YOUR ASSIGNMENT
Whenever an image turns up, omit it and return the remaining data exactly.

PROVIDED DATA
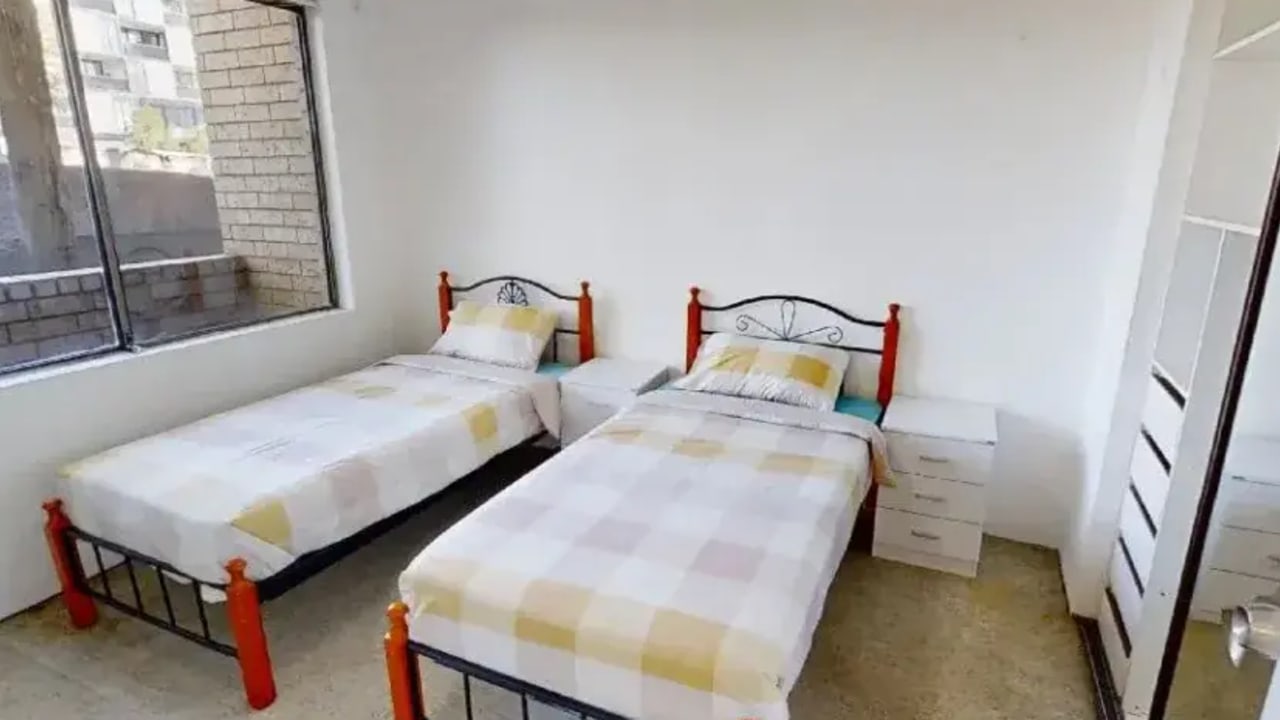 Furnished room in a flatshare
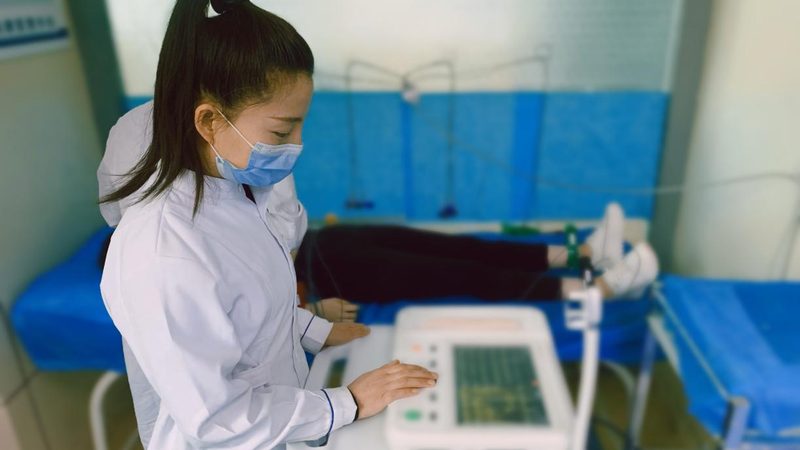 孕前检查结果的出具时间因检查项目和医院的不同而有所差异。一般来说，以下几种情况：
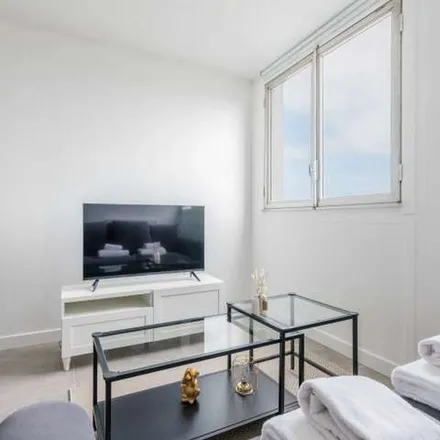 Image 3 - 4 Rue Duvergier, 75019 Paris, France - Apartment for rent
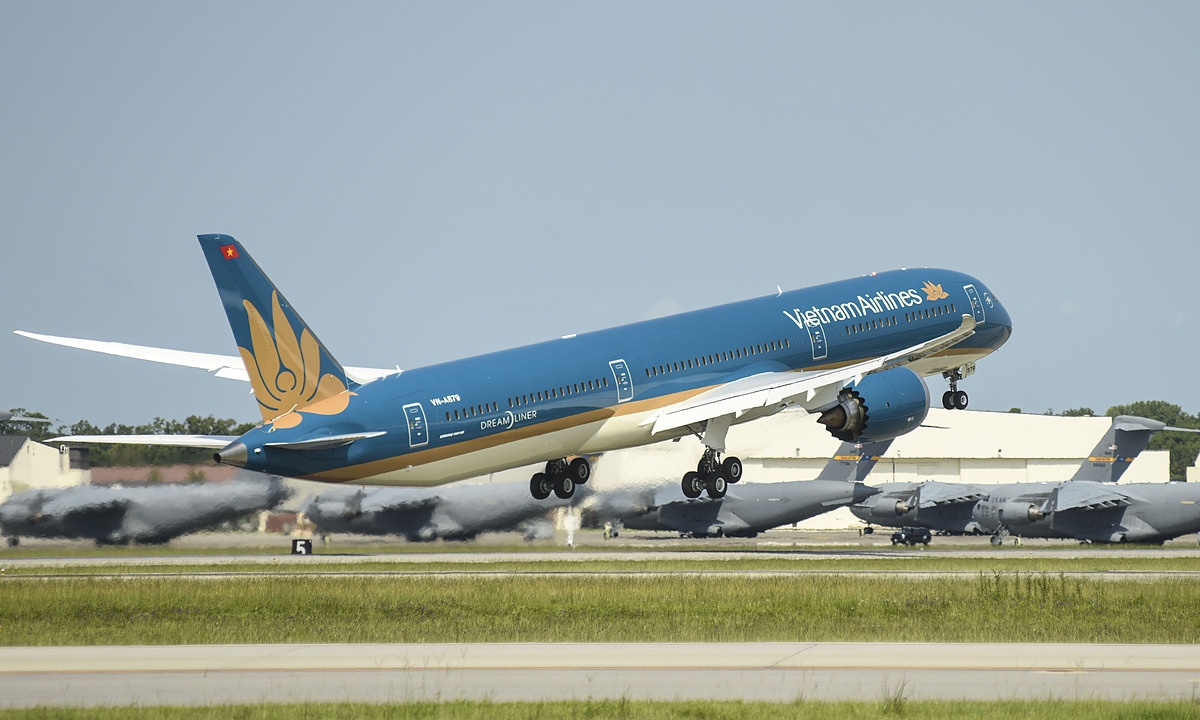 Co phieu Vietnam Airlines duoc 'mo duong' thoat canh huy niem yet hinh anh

FINISHED EXERCISE
 Furnished room in a flatshare
 孕前检查结果的出具时间因检查项目和医院的不同而有所差异。一般来说，以下几种情况：
 Image 3 - 4 Rue Duvergier, 75019 Paris, France - Apartment for rent
 Co phieu Vietnam Airlines duoc 'mo duong' thoat canh huy niem yet hinh anh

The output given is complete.